The first cut of steel for Harvey Milk occurred on 13 December 2019, marking the beginning of construction of the vessel. The ship had her christening ceremony and was then launched on 6 November 2021, with Milk's nephew Stuart Milk, Navy Secretary Carlos Del Toro, and the ship's sponsor, prominent LBGTQ activist Paula Neira, in attendance.

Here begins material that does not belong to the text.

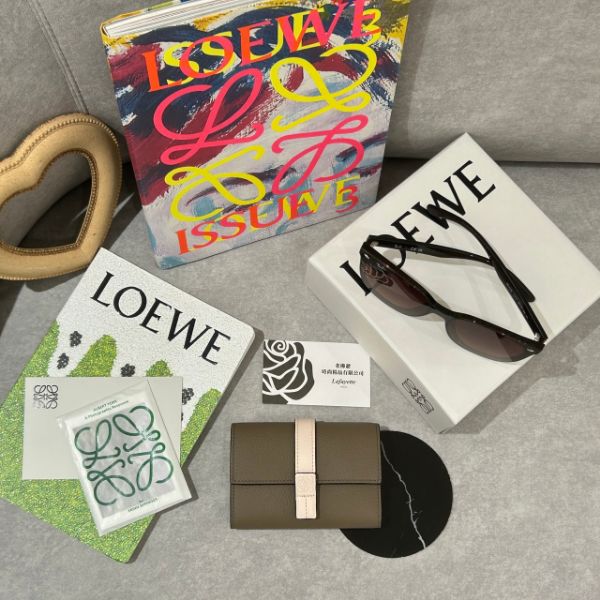 圖片 LOEWE 灰褐色/滑石色牛皮三折短夾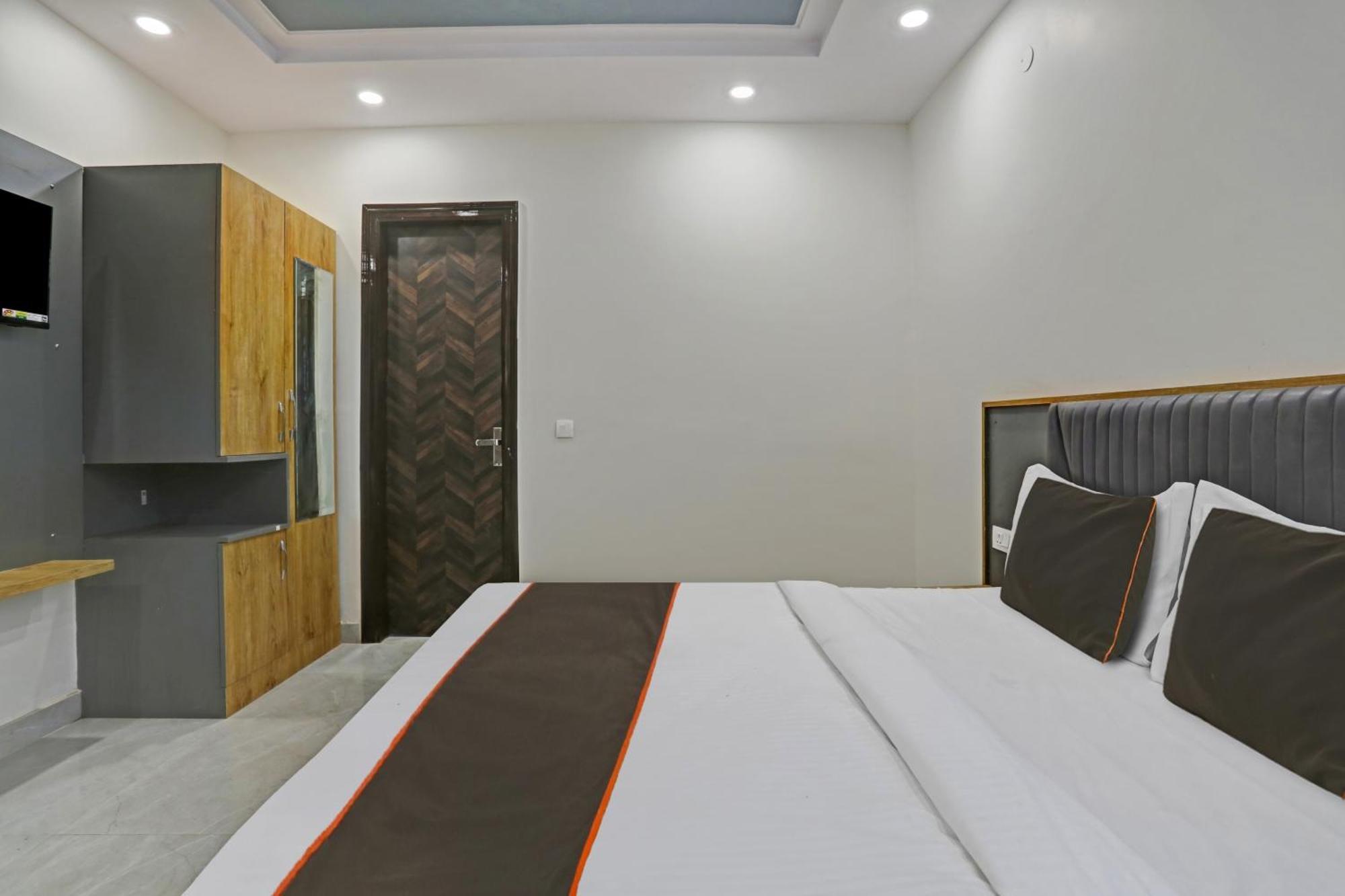 Hotel Townhouse Vip Grand à Delhi  Extérieur photo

On 11 July 2023, she entered non-commissioned U.S. Navy service under the control of the Military Sealift Command.

==Career==
In March 2024, during the Gaza war, nine pro-Palestinian protesters attempted to board the ship and create a disturbance. They were stopped at the gangway before they could board; however, they managed to chain themselves to the gangway until San Francisco Police removed them. The protest was organized by, amongst others, the Arab Resource and Organizing Center, which falsely claimed that the oiler was carrying weapons to Israel. After the ship left San Francisco it transited the Panama Canal on 10 April 2024 and arrived at Norfolk on 16 April 2024 to conduct sea trials. The ship then operated off the US east coast from Norfolk and refueled Japanese training ships in September and in December.

Harvey Milk was scheduled for a $24 million post-shakedown availability shipyard period at Alabama Shipyard in Mobile from January to June 2025.